Crude oil prices started the week with a loss as traders await the latest inflation reading from the United States and the market prices in Russia’s stated plans to reduce oil production by half a million barrels.
The Bureau of Labor Statistics is releasing its consumer price index report for January tomorrow but a revision of December figures released last Friday showed that CPI for the last month of 2022 actually increased instead of decreasing as initially reported by the BLS.
The January reading is seen by analysts at 0.4 percent, according to a Reuters survey.
On top of worries about U.S. inflation and its effect on oil demand, traders are also bracing for news from the Fed this week.

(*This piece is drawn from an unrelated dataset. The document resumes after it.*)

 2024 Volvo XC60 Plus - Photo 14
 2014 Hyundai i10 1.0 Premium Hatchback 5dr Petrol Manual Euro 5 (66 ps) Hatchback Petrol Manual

“Crude prices are softening as energy traders anticipate a potentially weakening crude demand outlook as a pivotal inflation report could force the Fed to tighten policy much more aggressively,” senior OANDA analyst Edward Moya told Reuters.
“This week could deliver a make or break moment in how bad of a recession Wall Street prices in.”
Meanwhile, Russia’s production cut announcement, which contributed to last week’s rally in oil prices has run its course, with analysts noting that such a cut was already priced in.
“These cuts do not change our view on the market, given that we were already assuming that Russia would have to reduce supply as a result of the EU ban on oil and refined products. The weakness that we are seeing in prices in early morning trading today likely reflects the market coming to the realization that these cuts are already largely priced in,” ING wrote in a note, quoted by Investing.com.